With an amusingly detached delivery that rivals Ben Stein's droning roll call in Ferris Bueller's Day Off , he sings "I just want to dance, and fuck, and fly, and try, and fail, and try again…hold up," against a squelchy bass line and stabbing synths. When the percussive noise of what sounds like a triangle dinner bell appears within the mix, one can't help but think that Gourmet is simply winking at his audience, as if to say, "dinner is served."

7. Pouvoir Magique - “Chalawan”

Like a psychoactive ayahuasca brew, the intoxicating "shamanic techno" of Parisian duo Pouvoir Magique's LP Disparition, is an exhilarating trip into unfamiliar territory. Formed in November of 2011, "Magic Power" is the musical project of Clément Vincent and Bertrand Cerruti, who over the years, have cleverly merged several millennia of songs from around the world with 21st-century beats and widescreen electro textures. Lest ye be worried, this is anything but Deep Forest.

In the spring of 2013, Pouvoir Magique co-founded the "Mawimbi" collective, a project designed to unite African musical heritage with contemporary soundscapes, and released two EPs. Within days of launching their label Musiques de Sphères, the duo's studio was burglarized and a hard drive with six years of painstakingly curated material had vanished. After tracking down demos they shared with friends before their final stages of completion, Clément and Bertrand reconstructed an album of 12 tracks.

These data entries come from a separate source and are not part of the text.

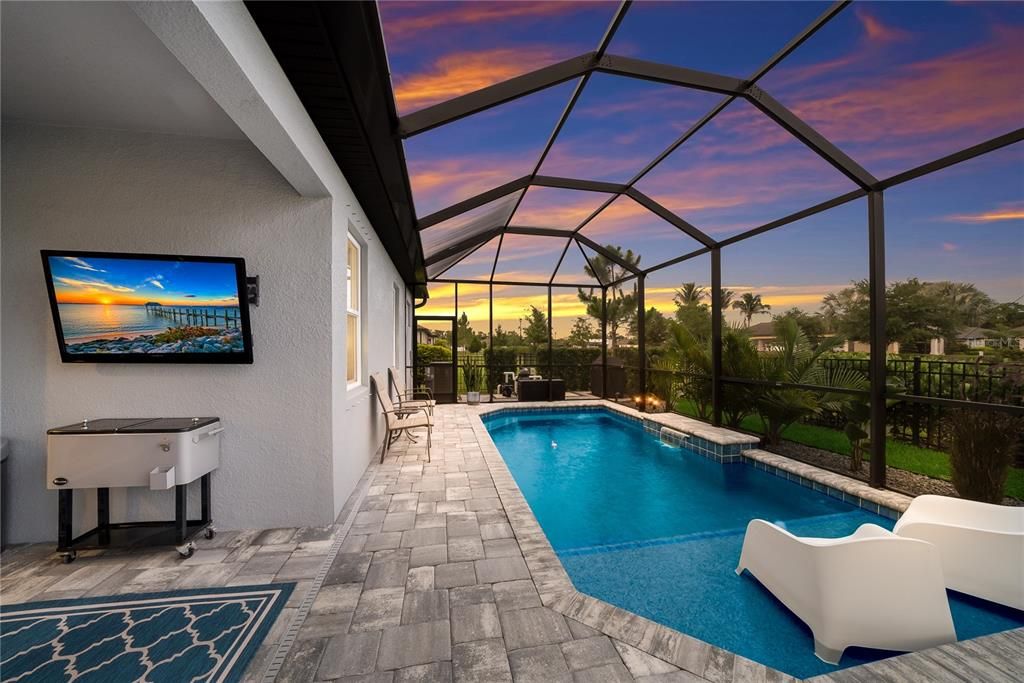 For Sale: $599,900 (4 beds, 2 baths, 2168 Square Feet)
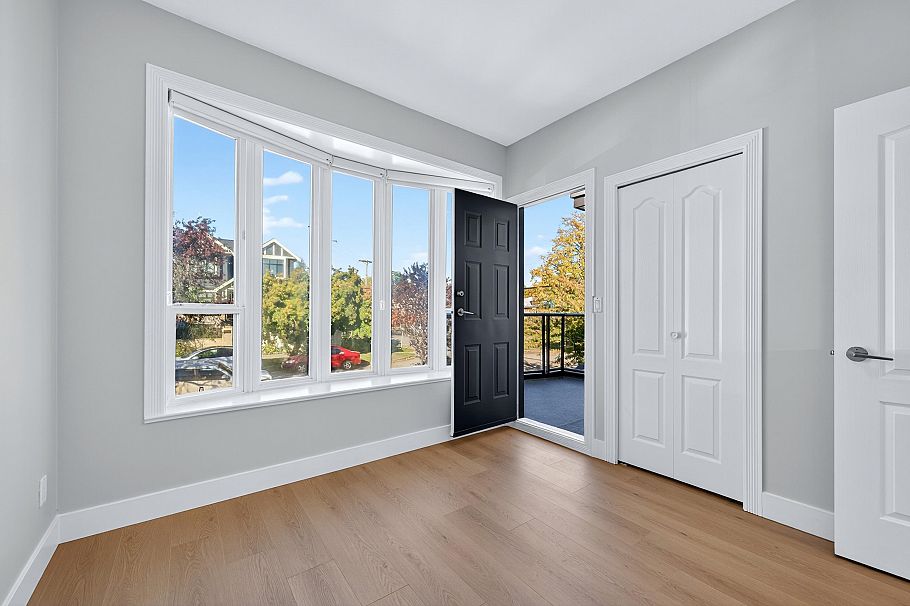 392 E 63rd Avenue Vancouver, BC - 21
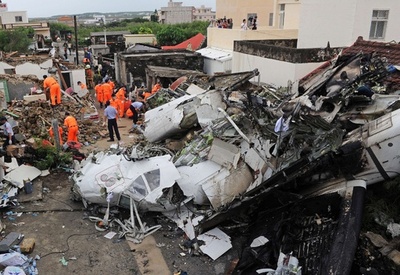 台湾の旅客機墜落、死者48人に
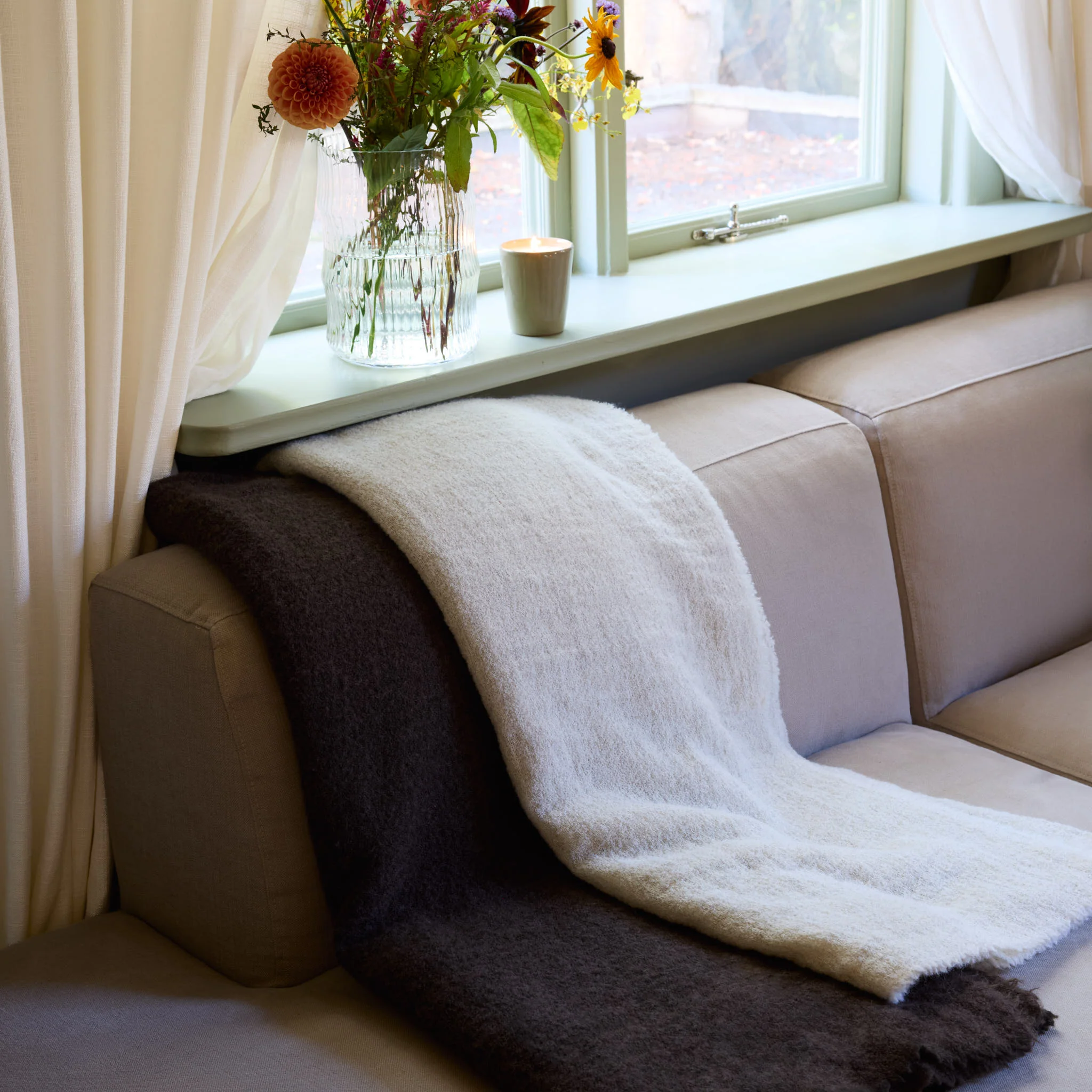 Wool-Alpaca Throw - Image 7
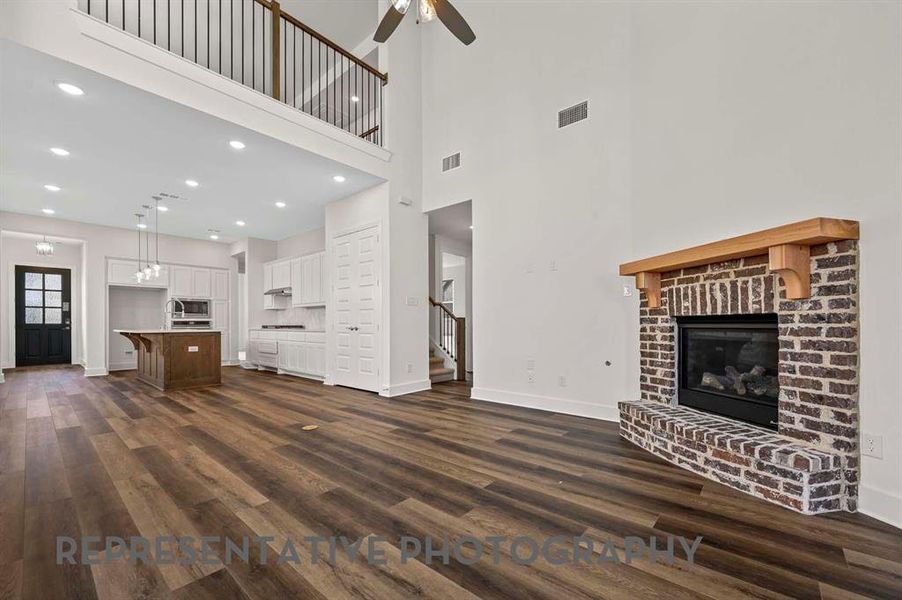 Spacious, unfurnished interior of a new home in Goodland, Midlothian (Image 20).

Unfinished though they might be, each song is a marvelous thing to behold. Their stunning 2016 single "Eclipse," with its cinematic video, might have been one of the most immediate songs on the record, but it's the pulsing "Chalawan," with its guttural howls, fluttering flute-like passages, and driving, hypnotic beats that truly mesmerizes.

6. Purple Disco Machine - “Body Funk” & “Devil In Me” (TIE)

Whenever a bevy of guest artists appears on a debut record, it's often best to approach the project with caution. 85% of the time, the collaborative partners either overshadow the proceedings or detract from the vision of the musician whose name is emblazoned across the top of the LP. There are, however, pleasant exceptions to the rule and Tino Piontek's Soulmatic is one of the year's most delightfully cohesive offerings. The Dresden-born Deep Funk innovator, aka Purple Disco Machine, has risen to international status since 2009, releasing one spectacular track and remix after another. It should go without saying that this long-awaited collection, featuring everyone from Kool Keith to Faithless and Boris D'lugosch, is ripe with memorable highlights.

The saucy, soaring "Mistress" shines a spotlight on the stellar pipes of "UK soul hurricane" Hannah Williams. While it might be a crowning moment within the set, its the strutting discofied "Body Funk", and the album's first single, "Devil In Me", that linger long after the record has stopped spinning. The former track with its camptastic fusion of '80s Sylvester gone 1940s military march, and the latter anthem, a soulful stunner that samples the 1968 Stax hit "Private Number", and features the vocal talents of Duane Harden and Joe Killington, feels like an unearthed classic. Without a doubt, the German DJ's debut is one of the best dance records of the year.